In the entries that follow, the lines from the one with "Make your special" through the one with "Never worn or" are the ones to write out, exactly and with both ends included. Nothing else should appear.

→ **Data to examine**:
══════════════════════════════
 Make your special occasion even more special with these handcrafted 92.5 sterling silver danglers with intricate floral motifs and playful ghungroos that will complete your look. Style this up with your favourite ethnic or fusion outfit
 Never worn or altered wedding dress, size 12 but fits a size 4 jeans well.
══════════════════════════════
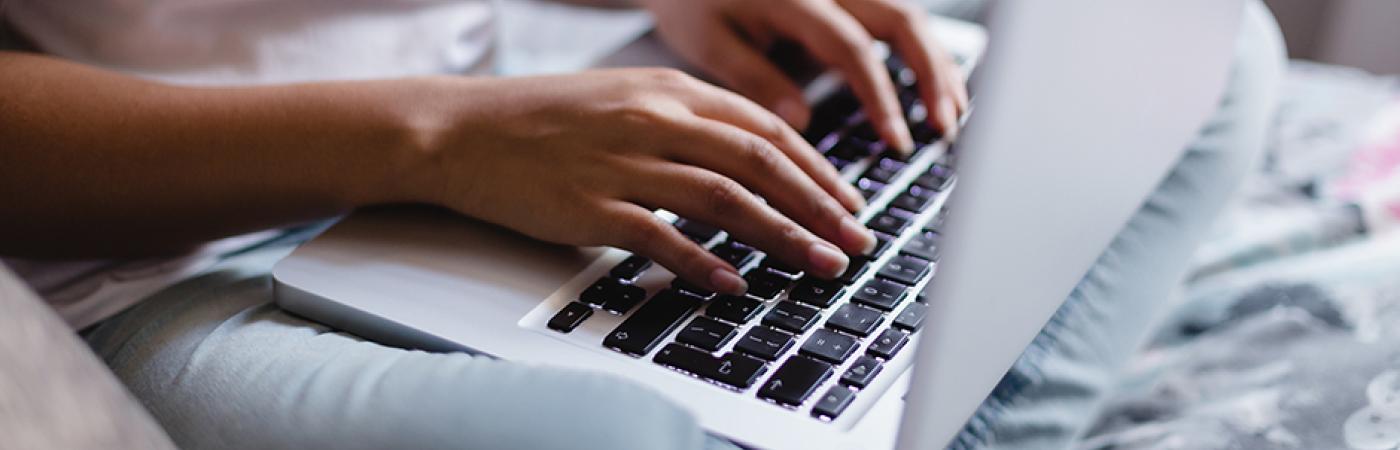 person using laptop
══════════════════════════════
→ **Response for this exercise**:
 Make your special occasion even more special with these handcrafted 92.5 sterling silver danglers with intricate floral motifs and playful ghungroos that will complete your look. Style this up with your favourite ethnic or fusion outfit
 Never worn or altered wedding dress, size 12 but fits a size 4 jeans well.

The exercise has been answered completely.